PERとPBRって何者?
PERとPBRから何が分かるの?
このような方におすすめの記事です。
- 株価収益率(PER)と株価純資産倍率(PBR)の違い
- PER比較:国内株式と米国株式
- PBR比較:国内株式と米国株式
- まとめ
株価収益率(PER)と株価純資産倍率(PBR)は、どちらも株式投資の銘柄を選定する際に用いられる指標です。
なんだか小難しそうですが、一度意味を理解すれば、株式市場の様子や経済状況についてイメージしやすくなります。
ここでは、そんな株価収益率(PER)と株価純資産倍率(PBR)の違いについて、じっくり解説していきます。
株価収益率(PER)と株価純資産倍率(PBR)の違い
そもそも、株価収益率(PER)と株価純資産倍率(PBR)とは何者なのでしょうか。
株価収益率(PER)とは、「企業が計上した利益がそのまま全て配当金として分配される場合、投資家は何年で投資分を回収できるか」を示す指標です。
現実世界における企業の業績(=純利益)が分母に、株式市場における企業の評価(=株価)が分子に配置されているため、現実世界と株式市場の”乖離”を表現することになります。
一方、株価純資産倍率(PBR)は、「企業が保有する1株当たりの純資産に対して、株価が何倍になっているか」を表す指標です。
現実世界における企業の純資産が分母に、株式市場における企業の評価(=株価)が分子に配置されているため、こちらもPERと同様に、現実世界と株式市場の”乖離”を表現することになります。
PERとPBRの使い分け
PERとPBRはどちらも 現実世界と株式市場の”乖離” を表す指標ですが、これら2つはどのように使い分けることができるのでしょうか。
PERは株価をその期間(当期)に計上した純利益で割ったものです。したがって、「直近」の業績からの乖離を示しやすいと言えます。
一方、PBRは株価をこれまでの経済活動で積み上げてきた純資産で割ったものです。したがって、より「長期的」な視点で株式市場の過熱具合を評価していると言えますね。
PERとPBRは、物差しにしている期間の長さが異なっていると考えていいでしょう。
PER比較:国内株式と米国株式
それでは、まず株価収益率(PER)について、東証株価指数(TOPIX)と米国株式(S&P500)を比較してみます。
ここ数年は米国株式(S&P500)の方がPERは高くなっていますね。
PERは「企業が挙げた利益に対する株価」を表す指数なので、日本よりも米国の方に、企業が現実世界で生み出している利益に対してより過剰に資金が流れている(=バブル)と読み取ることができます。

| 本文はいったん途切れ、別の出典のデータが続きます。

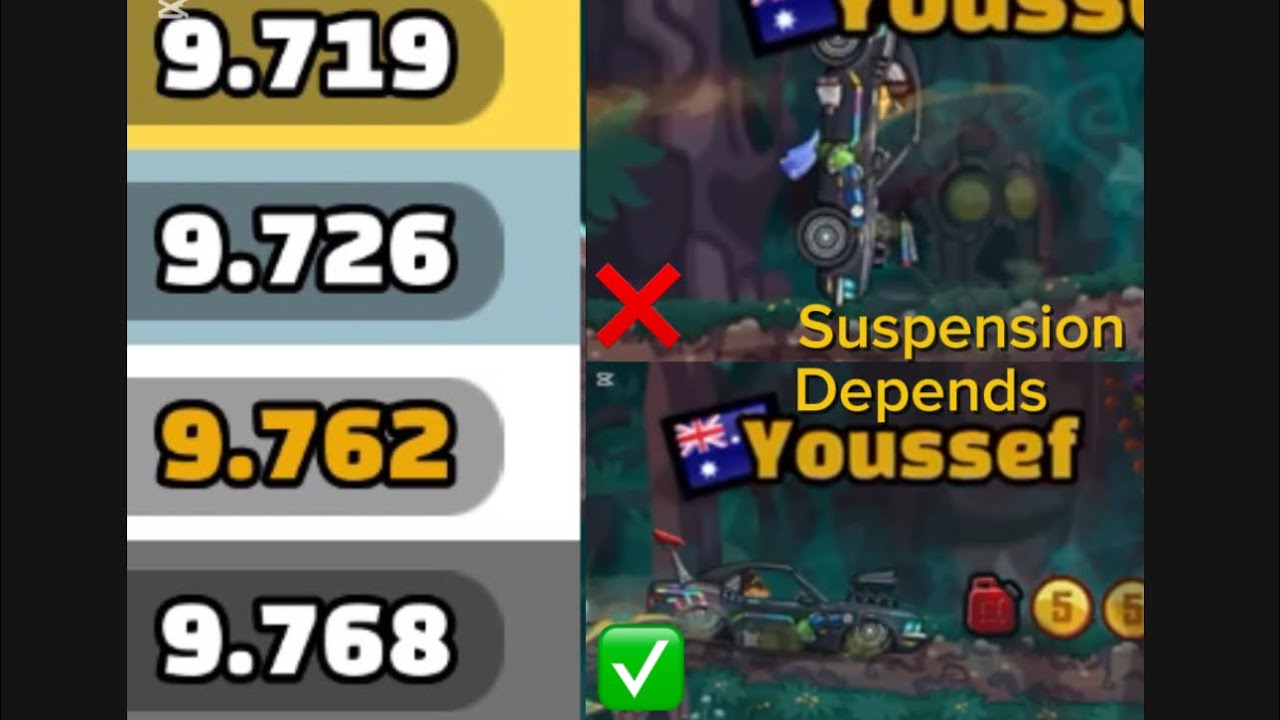 The Muscle Car’s Suspension in Today’s Community Showcase depends your Time Record! (For My Fans :3)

感染症蔓延により経済活動が低迷した2020年以降は、企業の利益が低下したにも関わらず株価は高止まりしているため、日本も米国もPERは上昇しています。
平常時のPERは15~20倍と言われているため、現実世界と株式市場の”乖離”が年々大きくなっている状態(=危険信号)と言えます。
PBR比較:国内株式と米国株式
続いて、 株価純資産倍率(PBR)についても、東証株価指数(TOPIX)と米国株式(S&P500)を比較してみます。
PBRは米国の方が圧倒的に高いのが分かりますね。
PBRは「企業が保有する資産に対する株価」を表す指数です。
国内に関しては企業の保有資産と同等程度に資金流入があるため、仮にここで日本企業がすべて解散しても投資家にほとんど資金を返すことができます(つまり、「身の丈にあった株価となっている」と言えます)。

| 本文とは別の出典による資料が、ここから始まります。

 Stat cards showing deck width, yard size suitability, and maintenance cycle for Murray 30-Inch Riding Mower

一方、米国に関しては企業の保有資産の5倍もの資金が株式として流入しており、仮に米国の企業がすべて解散しても投資家にお金を返すことができません(現実世界と株式市場の乖離)。
投資をする方であれば、「米国株式市場はここ10年以上に渡ってバブル状態となっている」ことを頭に入れておいた方がいいと思います。
まとめ
最後に、株価収益率(PER)と株価純資産倍率(PBR)についておさらいしておきます。
株価収益率(PER):「企業が計上した利益がそのまま全て配当金として分配される場合、投資家は何年で投資分を回収できるか」を示す指標。
株価純資産倍率(PBR):「企業が保有する1株当たりの純資産に対して、株価が何倍になっているか」を表す指標。
PERとPBRはどちらも 現実世界と株式市場の”乖離” を示す指標です。
算出式の性質上、PERは「直近」の業績からの乖離を示しやすく、PBRはより「長期的」な視点で見た株式市場の過熱具合を示しています。
PERとPBRの推移を注視しつつ、株式市場がバブルと見て取れる時期はリスクを取りすぎないようにしていきましょう。